Mental health, not gun control or even the guns themselves, headlined Wednesday’s School Safety Task Force hearing at Erie High School.

“I don't think it's our role to tell every school that this is a blanket policy for what should happen,” said Marcus Brown, the state’s director for the office of Homeland Security. “I think we should probably look at each school and determine what the best policy is for them.”

The task force was formed in March by Pennsylvania Gov. Tom Wolf and state Auditor General Eugene DePasquale following the deadly shooting at a Parkland, Fla. high school in February. Leading Wednesday’s forum with Brown is Pennsylvania Dept. of Education Secretary Pedro Rivera. The two met with nearly 30 leaders in local law enforcement, education, and students. This stop, their fifth of six on a statewide tour, where they say a demand for mental health treatment and accessible programs have been growing.

“Mental health support is the number one thing I hear from our principals as a need,” said Erie Schools Superintendent Brian Polito. “So anything the state can do to help us fund additional programs or supports would be very helpful.”
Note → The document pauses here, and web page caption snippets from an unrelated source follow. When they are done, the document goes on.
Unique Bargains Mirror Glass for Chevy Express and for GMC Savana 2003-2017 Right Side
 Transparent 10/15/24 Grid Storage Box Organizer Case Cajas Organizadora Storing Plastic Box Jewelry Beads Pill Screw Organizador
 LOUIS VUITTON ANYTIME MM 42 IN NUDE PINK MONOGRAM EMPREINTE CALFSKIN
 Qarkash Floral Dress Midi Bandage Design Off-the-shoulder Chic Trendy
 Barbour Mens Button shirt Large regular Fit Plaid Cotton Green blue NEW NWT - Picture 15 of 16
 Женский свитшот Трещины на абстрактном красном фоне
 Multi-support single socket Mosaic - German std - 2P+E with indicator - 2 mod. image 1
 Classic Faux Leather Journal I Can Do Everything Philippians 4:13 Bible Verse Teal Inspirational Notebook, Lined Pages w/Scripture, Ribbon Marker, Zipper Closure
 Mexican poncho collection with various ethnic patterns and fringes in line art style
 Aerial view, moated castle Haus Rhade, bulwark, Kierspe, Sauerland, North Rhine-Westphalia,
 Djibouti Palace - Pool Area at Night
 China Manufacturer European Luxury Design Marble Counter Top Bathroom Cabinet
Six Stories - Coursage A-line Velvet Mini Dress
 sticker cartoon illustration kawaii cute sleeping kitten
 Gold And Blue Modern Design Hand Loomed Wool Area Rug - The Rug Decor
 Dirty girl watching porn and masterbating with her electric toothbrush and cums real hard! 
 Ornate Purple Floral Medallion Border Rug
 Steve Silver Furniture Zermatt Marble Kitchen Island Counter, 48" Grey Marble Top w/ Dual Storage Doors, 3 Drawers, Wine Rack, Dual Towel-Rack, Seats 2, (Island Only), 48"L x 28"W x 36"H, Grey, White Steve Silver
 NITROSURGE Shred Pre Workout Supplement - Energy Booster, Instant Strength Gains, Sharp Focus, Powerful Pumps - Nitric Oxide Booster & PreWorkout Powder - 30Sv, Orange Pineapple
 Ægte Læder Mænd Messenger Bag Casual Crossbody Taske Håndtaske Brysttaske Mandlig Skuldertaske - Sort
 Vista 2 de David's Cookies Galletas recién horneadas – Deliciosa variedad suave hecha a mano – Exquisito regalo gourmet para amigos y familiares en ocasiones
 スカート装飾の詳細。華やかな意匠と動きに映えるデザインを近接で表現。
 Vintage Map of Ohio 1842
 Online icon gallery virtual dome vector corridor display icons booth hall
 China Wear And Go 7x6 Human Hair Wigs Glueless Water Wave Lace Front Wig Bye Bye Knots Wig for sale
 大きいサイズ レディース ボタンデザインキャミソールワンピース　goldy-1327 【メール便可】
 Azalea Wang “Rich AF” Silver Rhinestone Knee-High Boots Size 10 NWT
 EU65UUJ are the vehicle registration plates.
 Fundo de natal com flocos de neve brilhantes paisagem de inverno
But when it comes to guns, the state isn't rushing to implement a blanket solution, according to Brown. They're listening to all options, but arming teachers isn't one of them, Rivera said. Students at Wednesday’s panel, say that's fine with them.

“We do not want teachers to be armed in our schools,” said Erin Fleming, a Collegiate Academy junior who has been one of the most vocal anti-gun violence advocates in region as a member of the Erie County Student Coalition. “It creates an air of tension that we don't want.”

Right now, students and staff at Erie High School conduct two lockdown drills to prepare for active shooter situations, Polito said. But that's not a requirement on the state level.”

“What we heard from kids today is that they want caring individuals they can track down and engage with to really not only report, but to have good, healthy conversations with,” Rivera said.

The task force plans to take their findings back to Pa. Gov. Tom Wolf. They could implement some of the recommendations before next school year, hoping to prevent a school shooting anywhere in Pennsylvania.

“It feels like people are finally listening to us,” Fleming said.